The embodiments of the FTS invention can operate in virtual communication environments or non-virtual communication environment or any combination of virtual/non-virtual environments. Forwarding table states may virtual or non-virtual.

In embodiments of the invention, clusters of network devices include multiple agents, which are either in active or inactive mode. Each such agent is associated with a Forwarding Information Base (FIB), which includes network path information for communicating with network destinations. In embodiments of the invention, updates to the Forwarding Information Bases are shared amongst the agents in a cluster by use of a network communications protocol. The protocol includes features that ensure that the active/inactive status of agents can be changed immediately, and that the FIBs in a cluster are consistent at all times, in order to ensure that network forwarded by a cluster will not be disrupted in the event of a failure of an active agent.

Embodiments of the invention further allow agents to be designated as either masters or slaves, and use this status to determine how FIBs are to be updated amongst a cluster. In some embodiments, agents may be both masters and slaves for different clusters, allowing the agents to be ordered in a hierarchy that determines the manner in which FIBs are updated. These and other embodiments are further described herein.

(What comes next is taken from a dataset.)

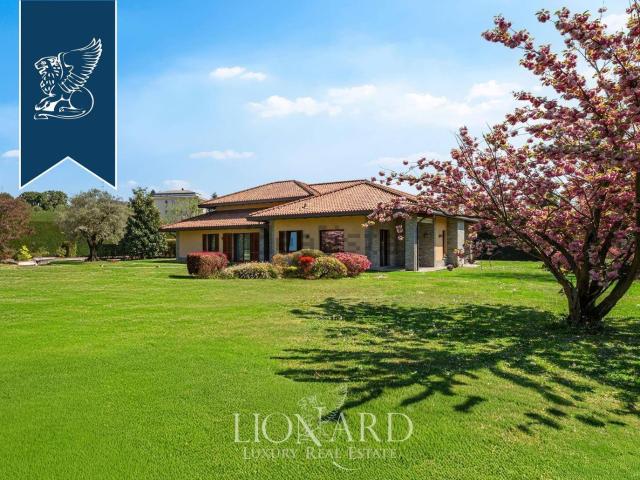 Casa in vendita a Lurago Marinone, Lombardia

BRIEF DESCRIPTION OF FIGURES

FIG. 1 illustrates a master—slave hierarchy of network clusters in accordance with embodiments of the invention.

FIG. 2 illustrates a state machine for network agents in a cluster, in accordance with embodiments of the invention.

FIG. 3 illustrates an algorithm for determining the state of an agent on a network, in accordance with embodiments of the invention.

FIG. 4 illustrates an algorithm for processing update and delete messages in a FIB synchronization protocol, in accordance with embodiments of the invention.

FIG. 5 illustrates an Application Programming Interface accessible to an agent in a cluster in accordance with embodiments of the invention.

FIG. 6 illustrates a master—slave cluster hierarchy in accordance with embodiments of the invention.

DETAILED DESCRIPTION

1. Overview

The invention includes a Forwarding Table Synchronization (FTS) Manager and an inter-agent communication protocol, the Forwarding Table Synchronization (FTS) Protocol, which provides for efficient distribution of forwarding table entries across a network. FIG. 1 schematically illustrates a network system architecture in accordance with embodiments of the invention. A plurality of agents 120 122 124 126 128 and the FTS protocol 130 132 134 136 138 enable the synchronization of multiple virtual Forwarding Information Bases (FIBs), scale to large numbers of routes, minimize utilization of network resources, and provide for future extensibility. Destination network addresses included in a FIB may be of any type, including, by way of example and not limitation, IP v 4 addresses, IP v 6 addresses, layer 2 addresses, MAC addresses, or other types of network addresses that will be apparent to those skilled in the art.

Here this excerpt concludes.